Nonfiction by Janelle Fine

“When you bought your first binder-standing in front of the mirror did you also cry?”

Dear Wren

 

When the back pain becomes all too much I take Advil for you. Two pills on the regular.
They go down without a hitch or at least I think so, silently hitting the bottom of my stomach.

We both have this thing about our bodies where somedays we can’t leave the house and somedays we don’t even want them-our bodies.

Asked them not to touch us where it feels wrong or incomplete or
maybe too full and too complete.

I want to bind my chest in solidarity-E said. But then she remembered how hard it was and the buying of the binder online and the waiting for it to come and the sweating she will endure during the summer heat and the back pain so she thought better of it and decided not to. She told me I’m writing a memoir about a queer who binds and that’s not something people really do anymore. Unless you really don’t have any other choice-I say because you and I both know this to be true-and she nervously laughs a sad laugh-a sad one.

G wanted to borrow a binder to see what it was like but their breasts are already too small to really need one, only wearing tank tops out of their apartment but I gave them one anyways, the one I never wear because it hurts too much now, even though I told them it was silly and maybe even stupid because we don’t need solidarity in that way. Yesterday we both wore our binders for probably way longer than the recommended amount of time. You tell me your back hurts again just as it always does, just like mine always does. I want to protect it. I want to protect you, but there isn’t anything that can be done and you and I both know it, unless you save up the requisite amount of money for top surgery but I don’t even know if you want that, we’ve never talked about it, maybe only once in passing.

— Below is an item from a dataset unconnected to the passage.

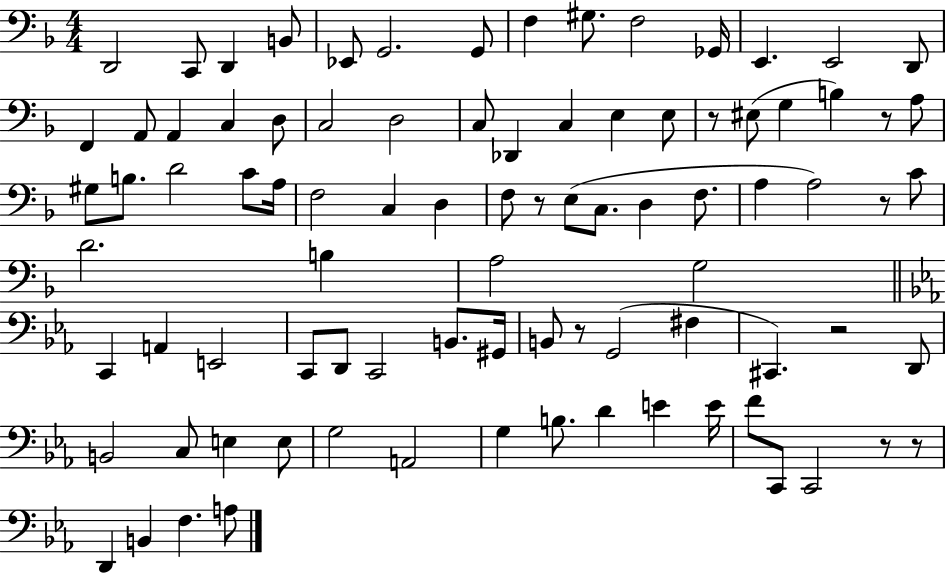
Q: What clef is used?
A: bass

When I was younger I thought the only good thing about my body was my breasts because that’s what men commented the most on when I was naked, the boys liked them and wanted to touch them-mouths open.

When you bought your first binder-standing in front of the mirror did you also cry?

Even when the back aches, a hard pulling on the shoulders- this is what self care looks like. I hope your partner knows this. I hope your partner is enjoying the new form of your body-it’s beautiful. On second thought, I hope they aren’t just enjoying it but I hope they find it sexy because everyone deserves to feel sexy even when.

I want to cradle you. Not in a sexual way, I know you have a partner but this thing doesn’t ever get easier-             the breathing –and then again not breathing-                    and not being able to breathe and the pain that sometimes sits in between our ribs and the harder it gets to come up the big hills-the harder it is to catch a full breath and never feeling like your lungs are satisfied and always feeling like there’s this heavy weight or maybe we’re drowning under water together. You already know you’re not suppose to wear your binder for longer than eight hours a day but we do it anyways because if that’s what it takes to leave the house, so the only thing I can offer you is that on the days you leave the house-you look good, really beautiful.